We use the term mixture myriads of times a day. A mixture is a combination of two or more substances. However, when we add one chemical to another chemical and they react to form another solution, can we call this new solution as a mixture of the two earlier ones? No! The word 'mixture' is only used to refer to the combination of two or more compounds which do not react chemically with each other. The physical properties of the mixture may vary slightly from the parent substances. One simple example of a mixture is atmospheric air, which comprises different gases like nitrogen, oxygen, carbon dioxide, etc. Mixtures can be of two types: homogeneous mixture or heterogeneous mixture.
Heterogeneous Mixture Definition
The substances in heterogeneous mixtures can be viewed separately on observation. They do not blend with one another and retain their physical identities. For example, if you mix sulfur powder and iron dust together, you will be able to distinguish the yellow particles of sulfur and the reddish brown particles of iron dust. Moreover, when you hold a magnet close to the mixture, the iron particles will get attracted, leaving the yellow sulfur particles behind.
Homogeneous Mixture Definition
Homogeneous mixture is a mixture featuring only one phase, that is the components of this mixture have a uniform composition, and cannot be viewed separately in the mixture. It exhibits uniformity in appearance and properties throughout the mixture. The prefix 'homo' means same and indicates that the two substances combined together blend well to form one uniform mixture, in which individual particles cannot be distinguished. Solutions and colloids are homogeneous mixtures.

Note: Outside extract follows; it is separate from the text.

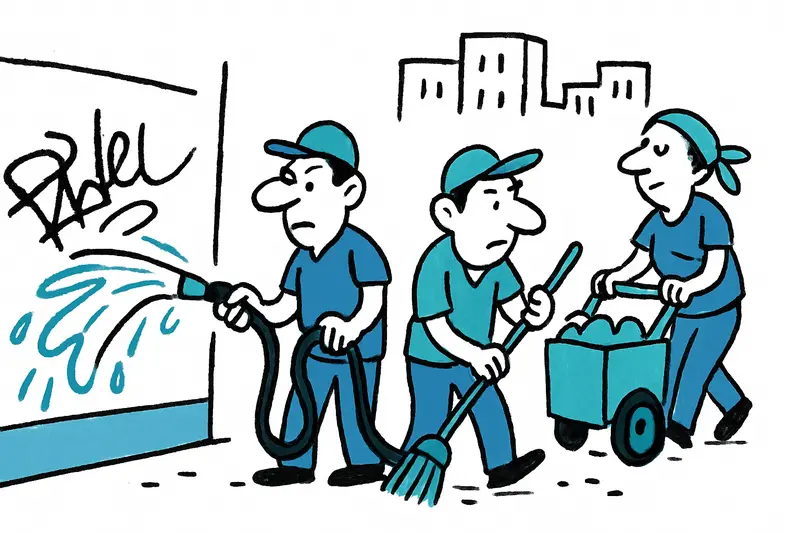 Städtisches Reinigungsteam entfernt Graffiti an einer Hauswand in Palma während einer Jahresaktion.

Homogeneous Mixture Examples
Sugar when added to a glass of water dissolves completely in the water. We cannot then see the sugar granules separately. It has formed a single homogeneous solution. The sugar blends well into the water and imparts its sweetness into the water. However, the sugar has not chemically reacted with the water to form another solution.
Just like sugar granules, salt particles also dissolve well in a glass of water. The salt particles combine with the water molecules to form a uniform salt solution. This is a mixture because we cannot break salt solution into individual salt solution molecules.
Air is a mixture of various gases like oxygen, carbon dioxide, nitrogen, rare gases, etc. which are present in one phase alone. We should be grateful that air is a homogeneous mixture. If air wasn't a homogeneous mixture and the components were not uniformly distributed, we would have had to go hunting for regions on the planet where oxygen was concentrated. We fight over land and water so much, thankfully air is available equally everywhere!
Moreover, corn oil, white vinegar, soft drinks, brewed tea, coffee, milk, alcohol, alloys (brass), etc. are also homogeneous.
Can Homogeneous Mixtures be Separated by Distillation
Distillation is a physical separation process by which homogeneous mixtures can be separated into their individual substances. It involves the use of heat to separate the components of a liquid or gas. Salt present in seawater is separated by this method. Moreover, distillation of air yields individual gases that are required for industrial uses. Besides distillation, filtration is also another method that can be used to separate homogeneous solutions. Filtration process is used to separate solids from liquids or gases by allowing the mixture to pass through a filer. The larger particles of one compound remains back on the filter mesh, while the smaller particles of the other compound flows through the mesh.
We come across heterogeneous and homogeneous mixtures all day long. We simply fail to realize that most of the substances we handle on a daily basis are either homogeneous or heterogeneous mixtures.